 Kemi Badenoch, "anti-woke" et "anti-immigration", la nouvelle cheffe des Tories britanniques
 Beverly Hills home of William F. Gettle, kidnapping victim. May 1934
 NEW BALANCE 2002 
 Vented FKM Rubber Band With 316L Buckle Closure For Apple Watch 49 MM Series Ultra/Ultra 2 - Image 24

--

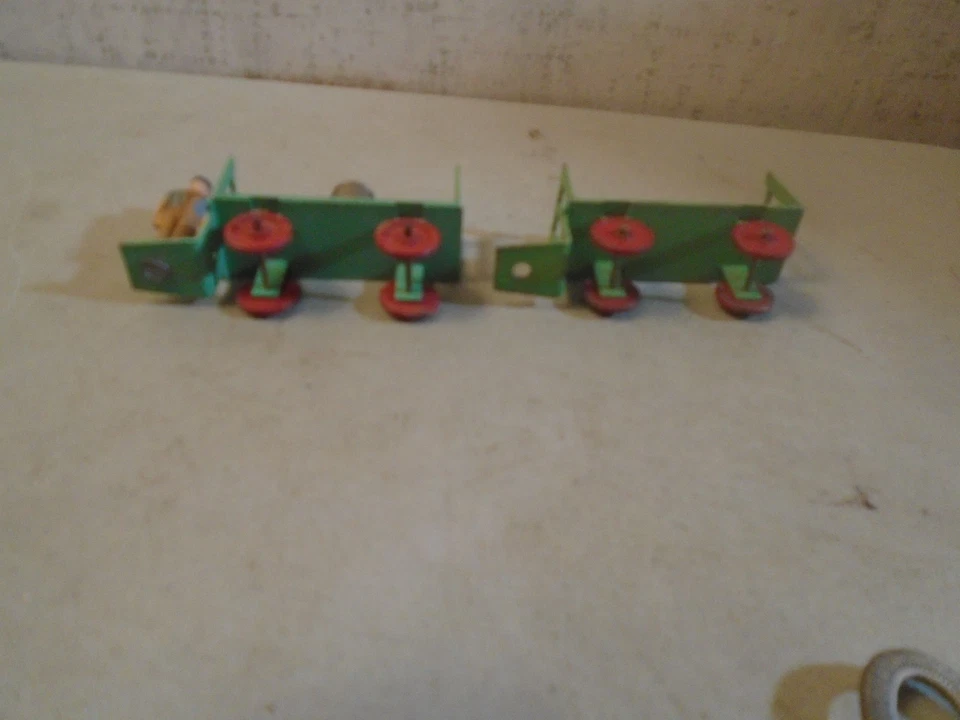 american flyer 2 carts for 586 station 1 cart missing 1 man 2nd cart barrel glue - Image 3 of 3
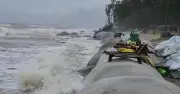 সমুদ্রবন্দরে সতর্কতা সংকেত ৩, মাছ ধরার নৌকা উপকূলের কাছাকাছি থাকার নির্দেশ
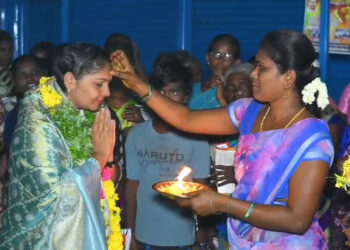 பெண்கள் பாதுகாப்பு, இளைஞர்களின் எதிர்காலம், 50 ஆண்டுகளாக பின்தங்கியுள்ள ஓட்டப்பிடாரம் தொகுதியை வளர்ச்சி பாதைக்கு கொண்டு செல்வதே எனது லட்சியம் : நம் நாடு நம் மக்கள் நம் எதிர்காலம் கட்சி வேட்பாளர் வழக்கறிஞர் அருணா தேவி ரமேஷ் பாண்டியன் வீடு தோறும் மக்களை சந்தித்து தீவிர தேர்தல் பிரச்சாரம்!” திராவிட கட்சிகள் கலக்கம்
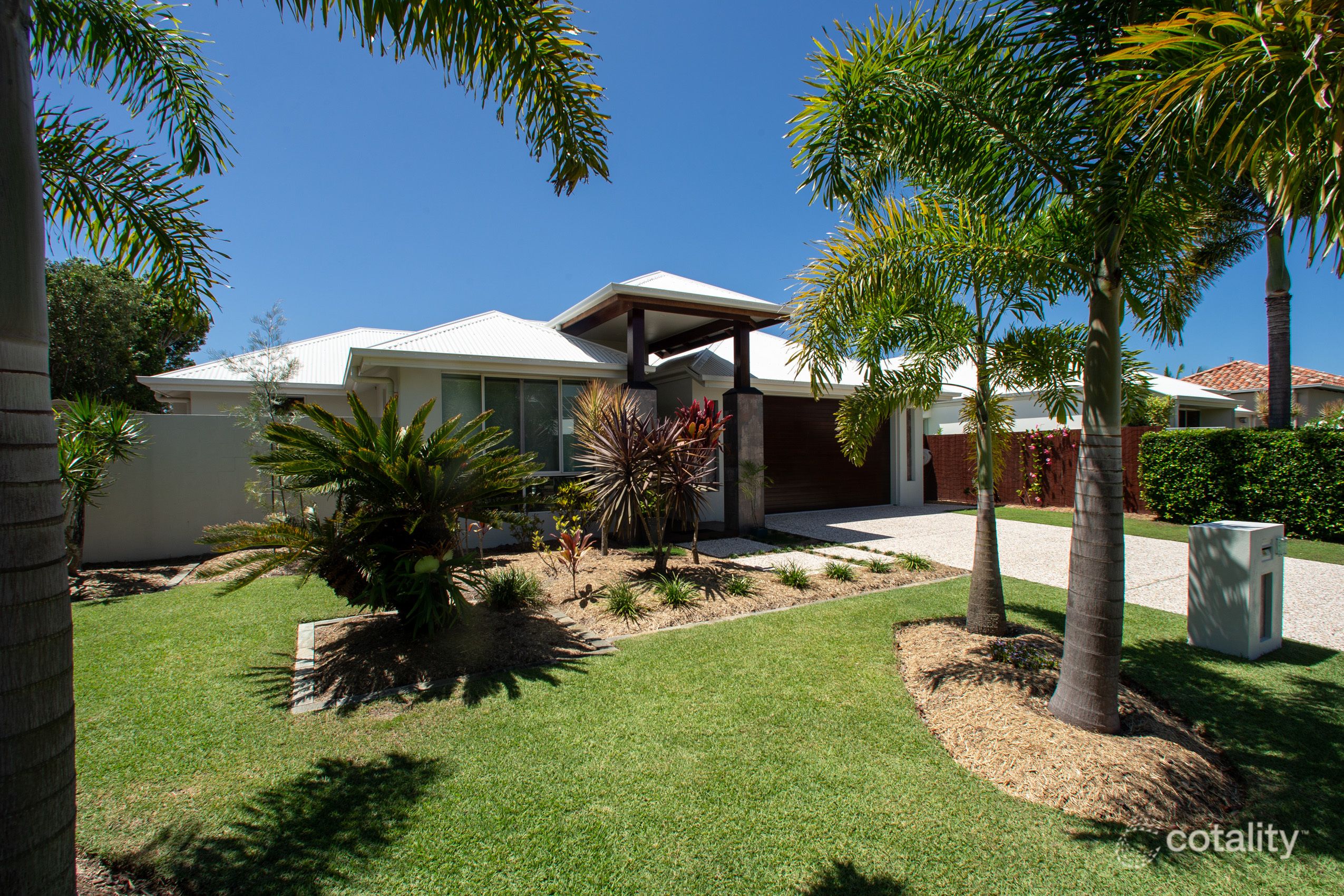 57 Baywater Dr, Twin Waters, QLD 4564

* * *

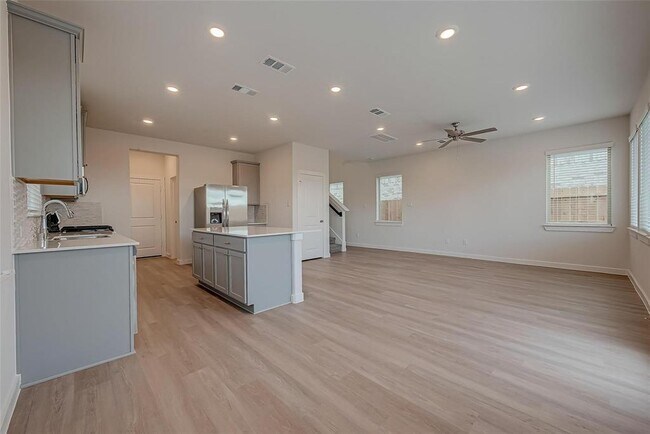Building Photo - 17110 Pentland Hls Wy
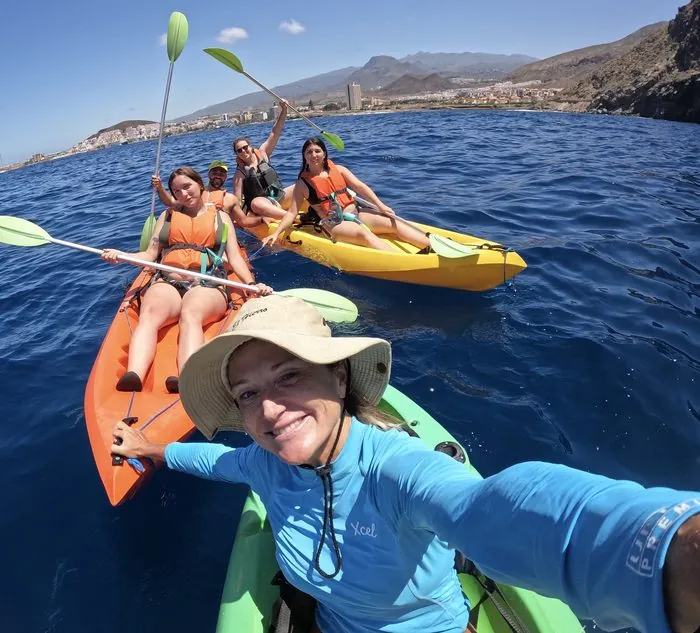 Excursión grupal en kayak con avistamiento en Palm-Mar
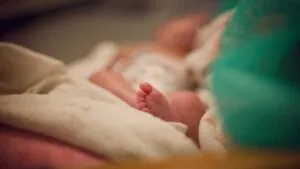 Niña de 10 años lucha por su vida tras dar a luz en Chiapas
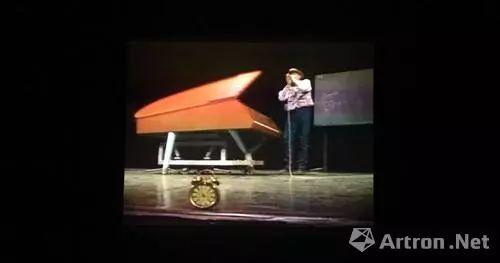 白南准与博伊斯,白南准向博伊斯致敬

Your instructions: When you reach the line holding "american flyer 2" in the listing above, begin retyping exactly, and stop once the line holding "57 Baywater Dr, Twin Waters, QLD 4564" is done; pictures stay out.

Exercise response:
 american flyer 2 carts for 586 station 1 cart missing 1 man 2nd cart barrel glue - Image 3 of 3
 সমুদ্রবন্দরে সতর্কতা সংকেত ৩, মাছ ধরার নৌকা উপকূলের কাছাকাছি থাকার নির্দেশ
 பெண்கள் பாதுகாப்பு, இளைஞர்களின் எதிர்காலம், 50 ஆண்டுகளாக பின்தங்கியுள்ள ஓட்டப்பிடாரம் தொகுதியை வளர்ச்சி பாதைக்கு கொண்டு செல்வதே எனது லட்சியம் : நம் நாடு நம் மக்கள் நம் எதிர்காலம் கட்சி வேட்பாளர் வழக்கறிஞர் அருணா தேவி ரமேஷ் பாண்டியன் வீடு தோறும் மக்களை சந்தித்து தீவிர தேர்தல் பிரச்சாரம்!” திராவிட கட்சிகள் கலக்கம்
 57 Baywater Dr, Twin Waters, QLD 4564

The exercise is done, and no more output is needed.